**Given data**
________________
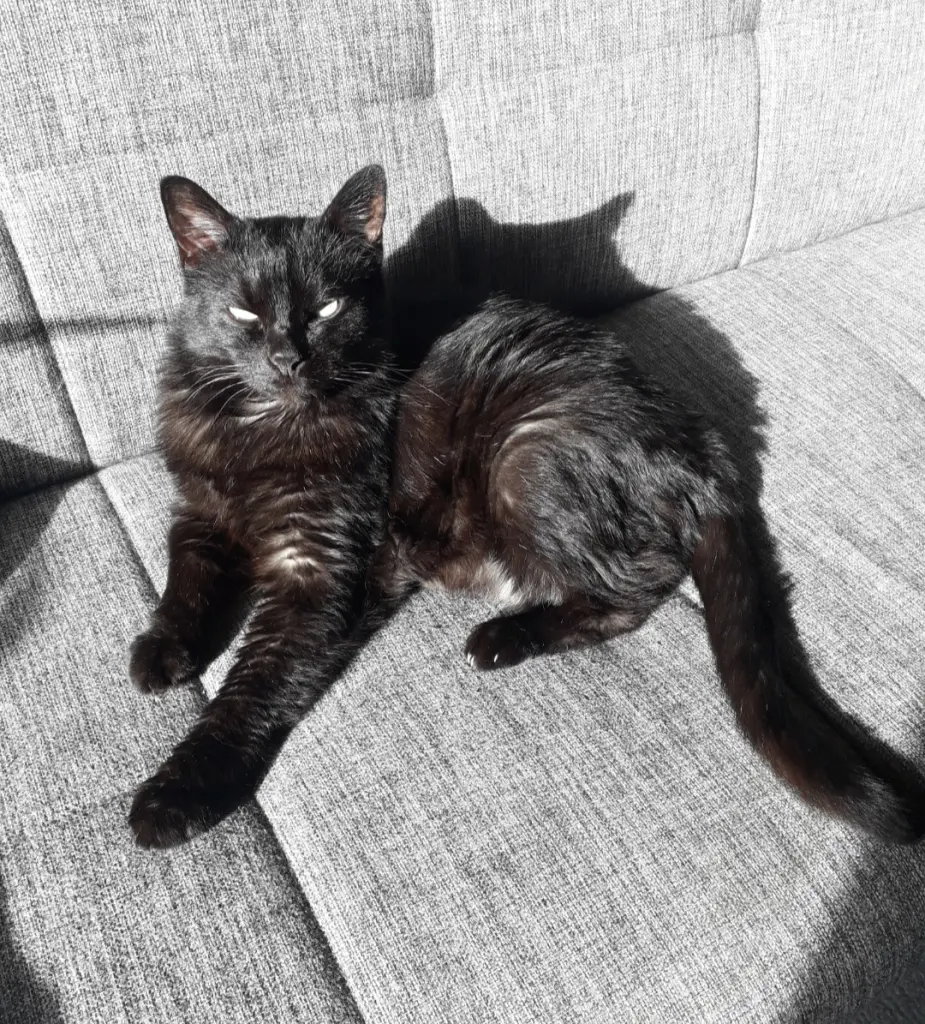 Condolence image of Michael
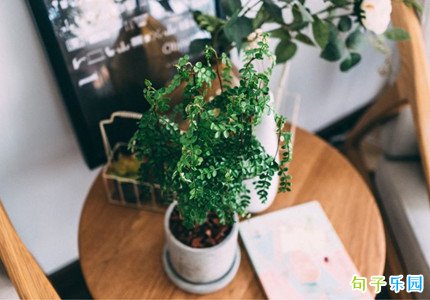 四月的朋友圈怎么发 关于四月的文案句子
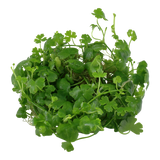 Load image into Gallery viewer, 1-2-Grow! Hydrocotyle tripartita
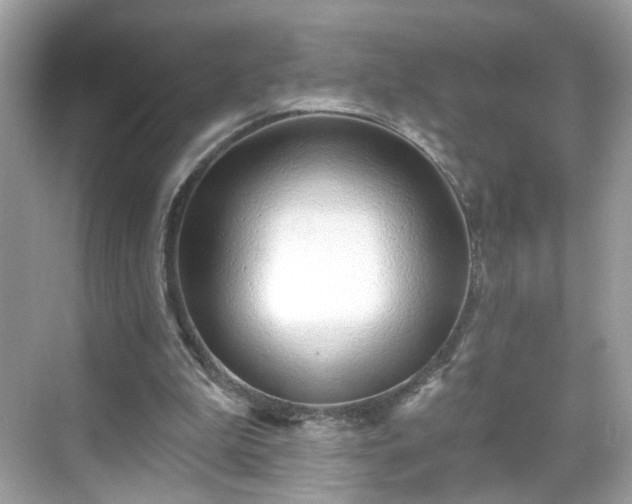 X0000068720199200605051442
________________
**Task goal**
Could you print the listing above exactly, without the pictures?

**Result below**
 Condolence image of Michael
 四月的朋友圈怎么发 关于四月的文案句子
 Load image into Gallery viewer, 1-2-Grow! Hydrocotyle tripartita
 X0000068720199200605051442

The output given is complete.